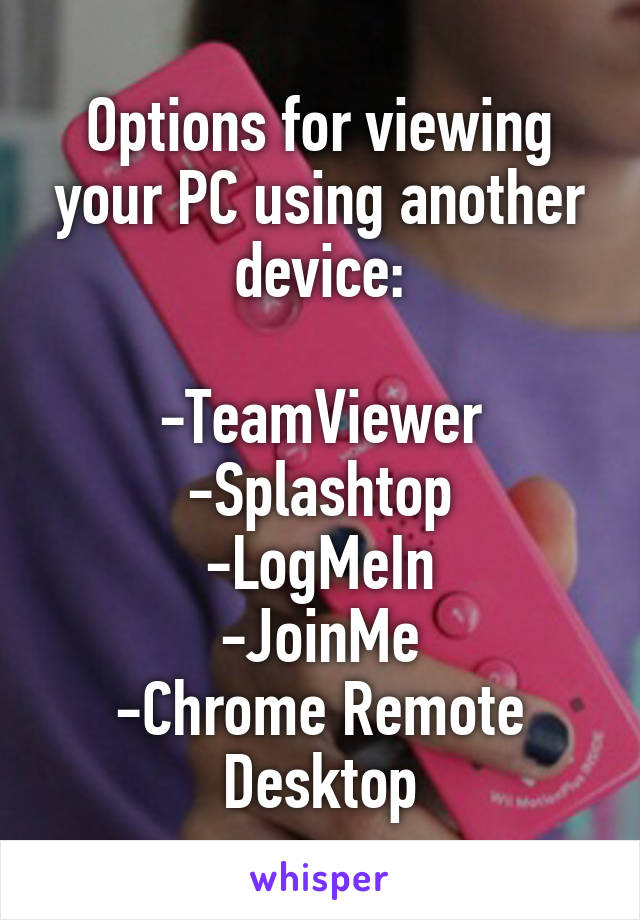 Options for viewing your PC using another device:

-TeamViewer
-Splashtop
-LogMeIn
-JoinMe
-Chrome Remote Desktop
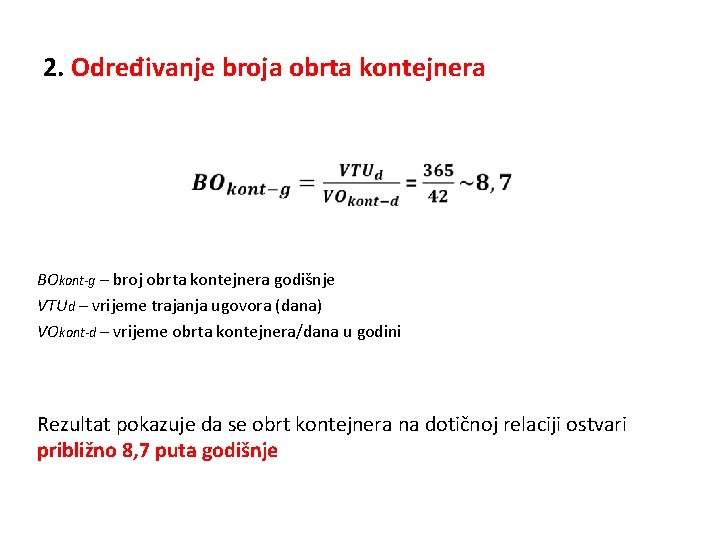 2. Određivanje broja obrta kontejnera BOkont-g – broj obrta kontejnera godišnje VTUd – vrijeme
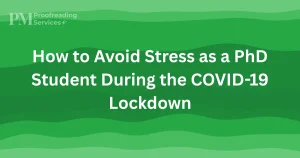 How to Avoid Stress as a PhD Student During the COVID-19 Lockdown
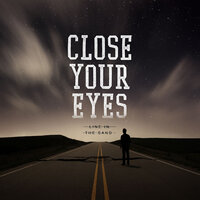 Higher Than My Station - Close Your Eyes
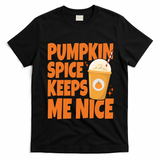 Pumpkin Spice Keeps Me Nice Coffee Lover Holiday T-Shirt - Black
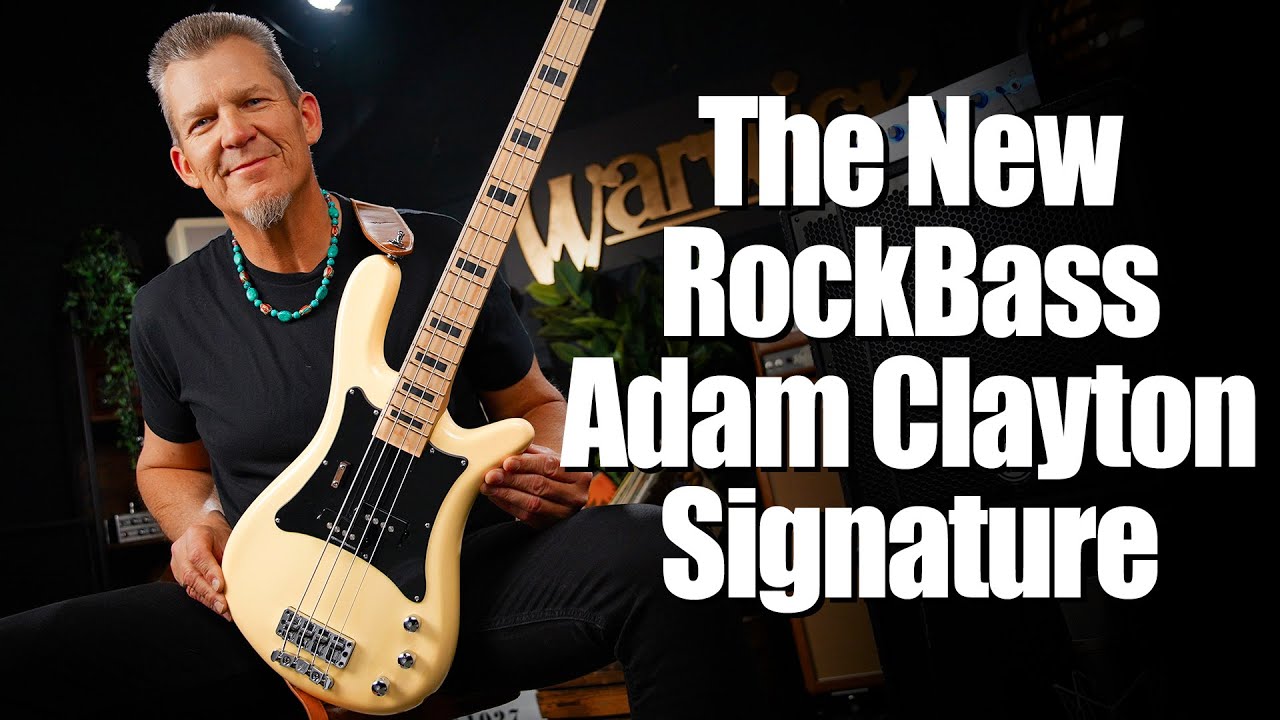 The Revamped WARWICK ROCKBASS Adam Clayton Signature Bass | Demo w. Andy Irvine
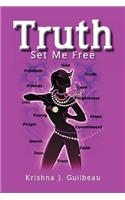 Truth Set Me Free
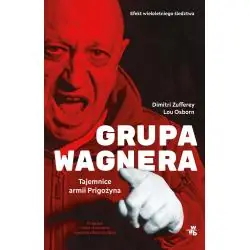 GRUPA WAGNERA. TAJEMNICE ARMII PRIGOŻYNA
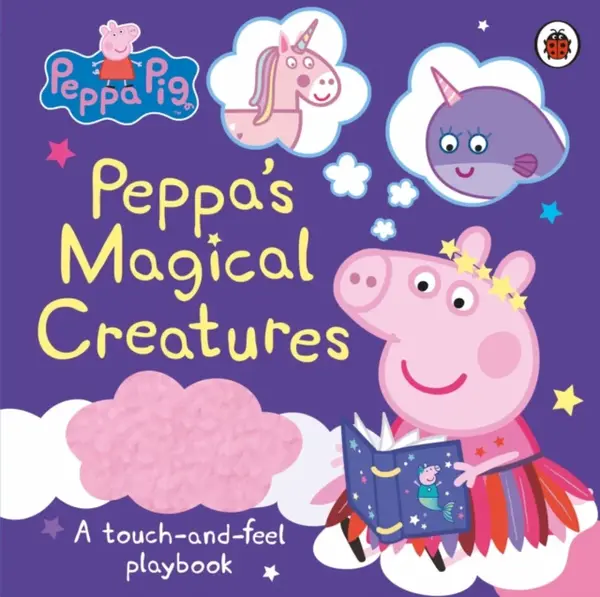 Peppa Pig: Peppa's Magical Creatures - Peppa Pig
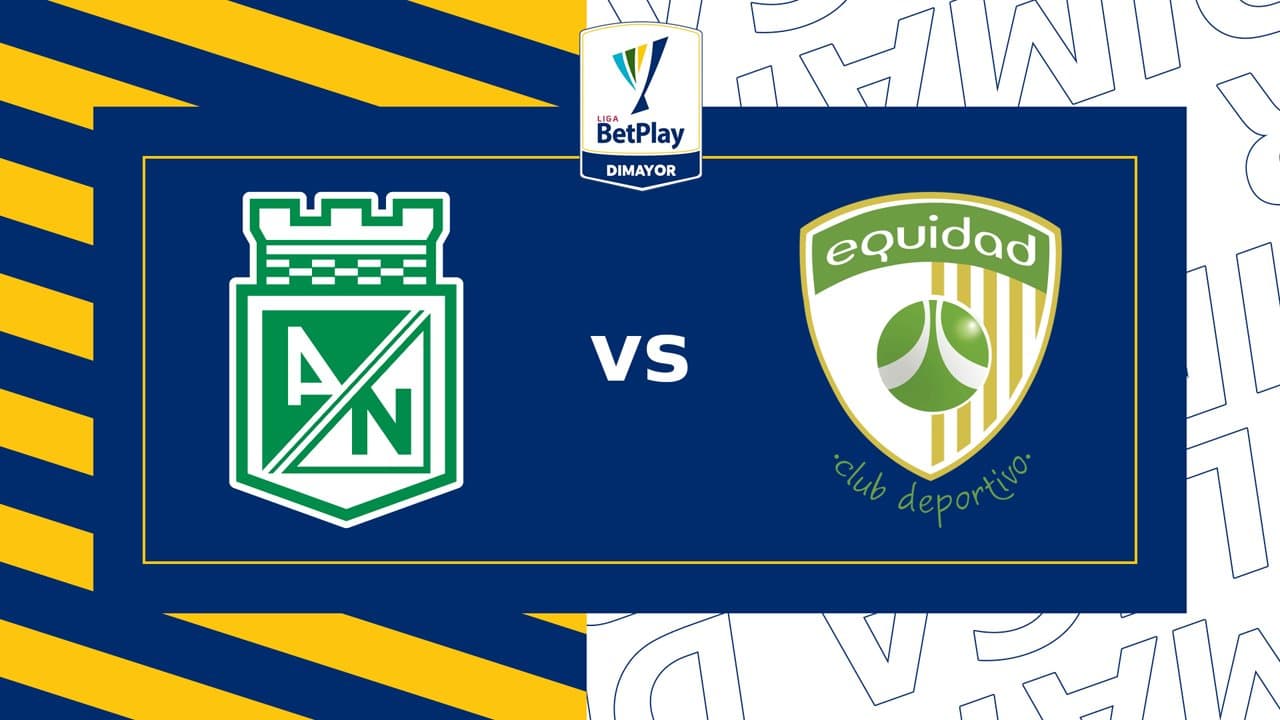 Atlético Nacional vs La Equidad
***
Print out the complete listing above exactly, dropping each image.

--- WORKED SOLUTION ---
 Options for viewing your PC using another device:

-TeamViewer
-Splashtop
-LogMeIn
-JoinMe
-Chrome Remote Desktop
 2. Određivanje broja obrta kontejnera BOkont-g – broj obrta kontejnera godišnje VTUd – vrijeme
 How to Avoid Stress as a PhD Student During the COVID-19 Lockdown
 Higher Than My Station - Close Your Eyes
 Pumpkin Spice Keeps Me Nice Coffee Lover Holiday T-Shirt - Black
 The Revamped WARWICK ROCKBASS Adam Clayton Signature Bass | Demo w. Andy Irvine
 Truth Set Me Free
 GRUPA WAGNERA. TAJEMNICE ARMII PRIGOŻYNA
 Peppa Pig: Peppa's Magical Creatures - Peppa Pig
 Atlético Nacional vs La Equidad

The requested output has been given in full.